Turkey’s short-term external debt stock moved down by 2% m/m to $123.3bn from $125.6bn at the end of April - the highest level recorded since March 2015 - the country's central bank said on July 17.
External debt maturing within one year or less regardless of the original maturity stood at $180.6bn at the end of May, down from $183.3bn at the end of April.
The short-term external debt stock grew by 16% y/y to $118bn at the end of 2017 from $101.5bn at the end of 2016.
A trio of top Turkish banks saw their borrowing costs hit record highs on June 15 as mounting pressure on the Turkish lira (TRY) prior to the June 24 elections sparked more selling on Turkey’s bond markets, it was reported. Mass sales continued following the cabinet reshuffle announcement on late July 9.
The dizzying descent of the TRY, meanwhile, is hurting Turkish companies that have borrowed on the international markets, making it more costly in lira terms to repay their debt. Rising bond yields caused by secondary market selling will make it more expensive for Turkey and Turkish corporates when they go for fresh debt issuance.
The story of the TRY’s collapse in recent months is not for the faint-hearted. Despite central bank emergency action, the country could still go over the cliff edge and slip into a classic emerging market currency-and-debt crisis.
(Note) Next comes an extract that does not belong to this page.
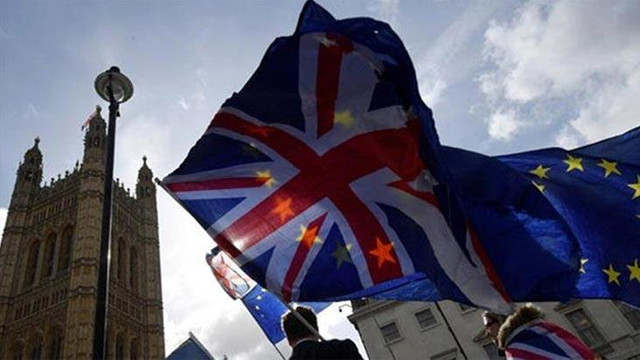 Brexit'te yeni gelişme: Mutabık kaldılar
Turkey is heavily dependent on external borrowing due to its chronic current account deficit. Debt-financed consumption has been the prime feature of the country’s remarkable economic growth achieved during much of the past decade, while the private sector’s share in total external borrowing has been on the rise in recent years.
Ukraine and Turkey are two of the “vulnerable three" countries most at risk to US tightening along with Argentina, Fitch said in a note on May 16.
Turkey’s current account deficit widened by 42% y/y to $47.1bn in 2017, driven by rising gold imports and energy prices.
Moody’s Investors Service anticipates that problem loans at Turkish banks will rise to more than 4% of loans over the next 12-18 months compared with the low of 2.9% recorded in May, the ratings agency said in a statement on July 16.